The general rule is that, where a statute sets forth a number of separate acts disjunctively, a guilty verdict will stand if the evidence is sufficient to prove any one of the acts charged. State v. Baldwin, 101 Wis. 2d 441, 447, 304 N.W.2d 742 (1981). Here, the statute sets forth in the disjunctive the acts of using a dangerous weapon and threatening to use a dangerous weapon.
¶14 The jury was instructed that it should find Reynolds guilty of violating Wis. Stat. § 943.23(1g) if it found that the State proved that Reynolds threatened to use a dangerous weapon (one of four elements).
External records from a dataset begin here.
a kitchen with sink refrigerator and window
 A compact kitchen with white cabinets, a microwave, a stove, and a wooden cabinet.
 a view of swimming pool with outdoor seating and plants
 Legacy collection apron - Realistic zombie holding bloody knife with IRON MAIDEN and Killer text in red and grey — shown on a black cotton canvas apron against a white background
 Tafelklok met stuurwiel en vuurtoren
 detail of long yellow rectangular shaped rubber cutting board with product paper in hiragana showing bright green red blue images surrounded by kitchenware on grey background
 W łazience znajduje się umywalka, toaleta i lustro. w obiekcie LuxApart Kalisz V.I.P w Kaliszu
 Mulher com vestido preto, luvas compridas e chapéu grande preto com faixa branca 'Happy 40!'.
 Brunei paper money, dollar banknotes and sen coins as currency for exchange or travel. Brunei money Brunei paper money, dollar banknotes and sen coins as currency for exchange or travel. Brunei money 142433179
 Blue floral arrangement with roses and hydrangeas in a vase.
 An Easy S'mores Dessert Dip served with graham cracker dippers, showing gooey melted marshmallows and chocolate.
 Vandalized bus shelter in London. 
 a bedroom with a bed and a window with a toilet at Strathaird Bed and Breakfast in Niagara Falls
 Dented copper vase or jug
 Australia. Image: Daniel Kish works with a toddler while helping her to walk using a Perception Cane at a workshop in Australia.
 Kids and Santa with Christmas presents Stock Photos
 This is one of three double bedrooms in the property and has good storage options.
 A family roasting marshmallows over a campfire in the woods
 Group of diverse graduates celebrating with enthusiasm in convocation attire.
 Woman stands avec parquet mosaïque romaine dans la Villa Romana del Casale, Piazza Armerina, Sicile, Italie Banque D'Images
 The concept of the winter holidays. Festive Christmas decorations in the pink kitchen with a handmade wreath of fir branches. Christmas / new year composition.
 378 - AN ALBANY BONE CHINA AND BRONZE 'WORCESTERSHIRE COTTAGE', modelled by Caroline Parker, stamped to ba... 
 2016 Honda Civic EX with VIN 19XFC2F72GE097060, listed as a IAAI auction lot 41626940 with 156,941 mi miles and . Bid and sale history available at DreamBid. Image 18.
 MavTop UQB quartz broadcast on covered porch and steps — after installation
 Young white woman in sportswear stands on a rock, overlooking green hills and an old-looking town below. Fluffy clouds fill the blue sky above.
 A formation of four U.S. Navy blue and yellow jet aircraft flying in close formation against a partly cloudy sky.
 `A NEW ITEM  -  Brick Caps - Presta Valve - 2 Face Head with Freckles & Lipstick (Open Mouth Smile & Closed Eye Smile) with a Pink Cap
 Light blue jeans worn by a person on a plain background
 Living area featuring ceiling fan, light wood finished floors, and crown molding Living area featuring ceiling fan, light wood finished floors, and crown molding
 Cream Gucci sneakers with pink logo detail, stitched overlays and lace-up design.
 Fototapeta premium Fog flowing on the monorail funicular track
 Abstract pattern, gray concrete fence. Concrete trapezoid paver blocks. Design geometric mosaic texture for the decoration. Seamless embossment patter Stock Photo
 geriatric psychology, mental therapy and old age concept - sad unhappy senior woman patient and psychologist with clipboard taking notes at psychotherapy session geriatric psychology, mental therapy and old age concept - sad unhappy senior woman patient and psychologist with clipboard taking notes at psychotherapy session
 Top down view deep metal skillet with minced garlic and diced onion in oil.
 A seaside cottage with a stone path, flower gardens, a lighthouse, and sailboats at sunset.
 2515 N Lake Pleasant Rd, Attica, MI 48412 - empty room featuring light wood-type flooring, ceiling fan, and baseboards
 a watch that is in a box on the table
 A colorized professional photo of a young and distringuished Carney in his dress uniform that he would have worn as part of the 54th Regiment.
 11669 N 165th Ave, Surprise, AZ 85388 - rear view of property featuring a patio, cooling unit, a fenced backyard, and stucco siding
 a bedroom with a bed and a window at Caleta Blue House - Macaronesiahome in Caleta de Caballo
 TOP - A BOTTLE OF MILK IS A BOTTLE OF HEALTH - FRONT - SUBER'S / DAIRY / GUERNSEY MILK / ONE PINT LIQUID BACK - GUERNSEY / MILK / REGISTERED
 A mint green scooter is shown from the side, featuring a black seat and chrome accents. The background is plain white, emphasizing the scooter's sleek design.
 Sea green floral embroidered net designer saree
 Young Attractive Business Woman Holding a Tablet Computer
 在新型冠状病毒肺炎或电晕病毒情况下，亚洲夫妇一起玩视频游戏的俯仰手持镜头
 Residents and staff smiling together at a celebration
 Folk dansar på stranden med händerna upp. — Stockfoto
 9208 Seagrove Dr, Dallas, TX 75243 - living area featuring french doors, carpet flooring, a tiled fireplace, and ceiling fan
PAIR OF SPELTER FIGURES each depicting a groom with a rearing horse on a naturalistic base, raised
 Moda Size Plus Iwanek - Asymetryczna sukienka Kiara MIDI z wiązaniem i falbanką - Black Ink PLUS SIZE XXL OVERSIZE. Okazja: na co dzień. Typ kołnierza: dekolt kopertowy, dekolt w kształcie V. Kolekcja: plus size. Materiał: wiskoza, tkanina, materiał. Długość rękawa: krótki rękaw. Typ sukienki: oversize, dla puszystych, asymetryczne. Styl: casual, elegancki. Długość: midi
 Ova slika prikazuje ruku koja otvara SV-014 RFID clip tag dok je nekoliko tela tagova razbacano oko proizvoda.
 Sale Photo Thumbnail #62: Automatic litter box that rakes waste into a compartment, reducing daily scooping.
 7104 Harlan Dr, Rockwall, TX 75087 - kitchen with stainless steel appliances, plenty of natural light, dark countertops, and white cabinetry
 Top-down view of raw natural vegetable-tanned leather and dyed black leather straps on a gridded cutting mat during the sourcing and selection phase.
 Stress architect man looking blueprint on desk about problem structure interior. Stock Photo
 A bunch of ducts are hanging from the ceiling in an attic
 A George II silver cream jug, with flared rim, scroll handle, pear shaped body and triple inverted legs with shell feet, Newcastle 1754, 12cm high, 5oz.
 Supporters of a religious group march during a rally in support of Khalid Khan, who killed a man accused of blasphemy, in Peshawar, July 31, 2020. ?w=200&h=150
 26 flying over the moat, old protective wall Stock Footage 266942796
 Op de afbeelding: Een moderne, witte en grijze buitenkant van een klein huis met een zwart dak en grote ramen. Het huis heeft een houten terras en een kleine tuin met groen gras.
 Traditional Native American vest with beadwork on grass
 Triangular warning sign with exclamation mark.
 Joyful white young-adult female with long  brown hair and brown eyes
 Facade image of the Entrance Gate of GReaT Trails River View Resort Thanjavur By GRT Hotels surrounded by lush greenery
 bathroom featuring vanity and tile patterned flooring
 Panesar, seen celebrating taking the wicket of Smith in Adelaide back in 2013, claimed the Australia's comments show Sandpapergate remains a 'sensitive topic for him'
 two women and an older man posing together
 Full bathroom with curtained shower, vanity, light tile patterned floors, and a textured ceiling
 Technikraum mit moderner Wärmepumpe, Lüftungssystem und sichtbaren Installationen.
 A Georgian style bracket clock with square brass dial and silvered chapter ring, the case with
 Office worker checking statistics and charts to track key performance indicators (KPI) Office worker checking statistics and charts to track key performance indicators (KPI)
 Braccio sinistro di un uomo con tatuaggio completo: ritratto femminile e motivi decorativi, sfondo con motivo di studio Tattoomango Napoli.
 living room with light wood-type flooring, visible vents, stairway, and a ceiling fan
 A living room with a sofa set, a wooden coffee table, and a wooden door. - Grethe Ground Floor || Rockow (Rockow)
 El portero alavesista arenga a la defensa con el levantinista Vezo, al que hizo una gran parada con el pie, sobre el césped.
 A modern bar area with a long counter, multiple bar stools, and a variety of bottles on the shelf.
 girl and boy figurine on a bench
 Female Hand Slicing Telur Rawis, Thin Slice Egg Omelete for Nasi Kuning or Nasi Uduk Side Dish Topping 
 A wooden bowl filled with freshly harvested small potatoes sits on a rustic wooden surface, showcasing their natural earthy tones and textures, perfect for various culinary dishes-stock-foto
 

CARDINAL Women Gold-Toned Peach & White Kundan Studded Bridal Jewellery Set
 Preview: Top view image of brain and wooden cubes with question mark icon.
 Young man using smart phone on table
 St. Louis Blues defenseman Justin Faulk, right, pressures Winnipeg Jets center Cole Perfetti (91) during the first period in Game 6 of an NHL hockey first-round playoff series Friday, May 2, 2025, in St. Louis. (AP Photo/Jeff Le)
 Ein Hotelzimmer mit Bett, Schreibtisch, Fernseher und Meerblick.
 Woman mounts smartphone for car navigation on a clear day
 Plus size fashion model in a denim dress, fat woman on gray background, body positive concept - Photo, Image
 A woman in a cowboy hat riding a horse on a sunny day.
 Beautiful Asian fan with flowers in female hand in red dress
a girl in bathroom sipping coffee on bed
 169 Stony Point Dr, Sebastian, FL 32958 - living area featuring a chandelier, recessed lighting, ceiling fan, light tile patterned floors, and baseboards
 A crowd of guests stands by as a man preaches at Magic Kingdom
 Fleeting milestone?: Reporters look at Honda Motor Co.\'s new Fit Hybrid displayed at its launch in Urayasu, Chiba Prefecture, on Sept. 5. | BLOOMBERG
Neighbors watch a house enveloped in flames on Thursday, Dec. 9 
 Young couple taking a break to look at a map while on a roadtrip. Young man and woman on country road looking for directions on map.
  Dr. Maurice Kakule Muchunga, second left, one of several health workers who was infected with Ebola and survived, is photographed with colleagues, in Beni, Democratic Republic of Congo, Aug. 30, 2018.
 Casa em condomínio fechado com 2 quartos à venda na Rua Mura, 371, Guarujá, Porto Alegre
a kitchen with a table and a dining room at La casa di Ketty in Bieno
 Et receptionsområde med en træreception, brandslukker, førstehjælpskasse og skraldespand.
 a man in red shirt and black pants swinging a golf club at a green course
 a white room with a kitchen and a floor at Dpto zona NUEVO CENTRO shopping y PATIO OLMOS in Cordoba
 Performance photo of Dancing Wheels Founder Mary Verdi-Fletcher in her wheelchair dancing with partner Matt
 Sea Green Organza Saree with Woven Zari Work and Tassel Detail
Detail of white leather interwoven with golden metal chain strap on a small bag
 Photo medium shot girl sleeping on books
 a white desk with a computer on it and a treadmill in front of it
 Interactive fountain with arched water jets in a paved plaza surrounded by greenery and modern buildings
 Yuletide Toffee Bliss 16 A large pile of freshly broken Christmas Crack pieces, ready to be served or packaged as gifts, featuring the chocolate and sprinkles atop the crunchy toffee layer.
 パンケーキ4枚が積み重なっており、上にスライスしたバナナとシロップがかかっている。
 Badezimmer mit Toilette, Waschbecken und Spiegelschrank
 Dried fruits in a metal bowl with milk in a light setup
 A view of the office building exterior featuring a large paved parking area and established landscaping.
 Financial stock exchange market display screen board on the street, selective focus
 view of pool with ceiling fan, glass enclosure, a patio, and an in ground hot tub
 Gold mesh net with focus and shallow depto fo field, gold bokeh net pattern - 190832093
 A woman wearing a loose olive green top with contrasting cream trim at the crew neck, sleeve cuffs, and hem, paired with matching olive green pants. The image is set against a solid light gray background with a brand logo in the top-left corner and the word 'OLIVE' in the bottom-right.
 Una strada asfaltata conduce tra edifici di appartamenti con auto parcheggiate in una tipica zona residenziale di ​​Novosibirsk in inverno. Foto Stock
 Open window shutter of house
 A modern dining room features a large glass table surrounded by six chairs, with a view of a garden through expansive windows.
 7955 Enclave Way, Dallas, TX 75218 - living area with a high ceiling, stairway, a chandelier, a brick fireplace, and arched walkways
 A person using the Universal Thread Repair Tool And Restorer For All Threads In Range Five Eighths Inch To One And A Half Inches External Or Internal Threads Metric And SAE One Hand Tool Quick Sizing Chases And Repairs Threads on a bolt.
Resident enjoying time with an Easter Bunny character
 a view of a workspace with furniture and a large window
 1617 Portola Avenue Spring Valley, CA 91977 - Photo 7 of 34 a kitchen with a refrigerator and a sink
The information, by referencing § 943.23(1g), put Reynolds on notice that he was being charged with using or threatening to use a dangerous weapon. As the State notes:
[A]n [i]nformation is not required to charge a crime in the language of the statute. Manson v. State, 101 Wis. 2d 413, 432, 304 N.W.2d 729 (1981) (citing Huebner v. State, 33 Wis. 2d 505, 514, 147 N.W.2d 646 (1967)). When an [i]nformation contains a citation to the statutory section alleged to have been violated, that reference necessarily carries with it all of the elements of the offense charged under that section. See State v. Nye, 100 Wis. 2d 398, 406, 302 N.W.2d 83 (Ct. App. 1981), summarily affirmed, 105 Wis. 2d 63, 312 N.W.2d 826 (1981) (citations omitted).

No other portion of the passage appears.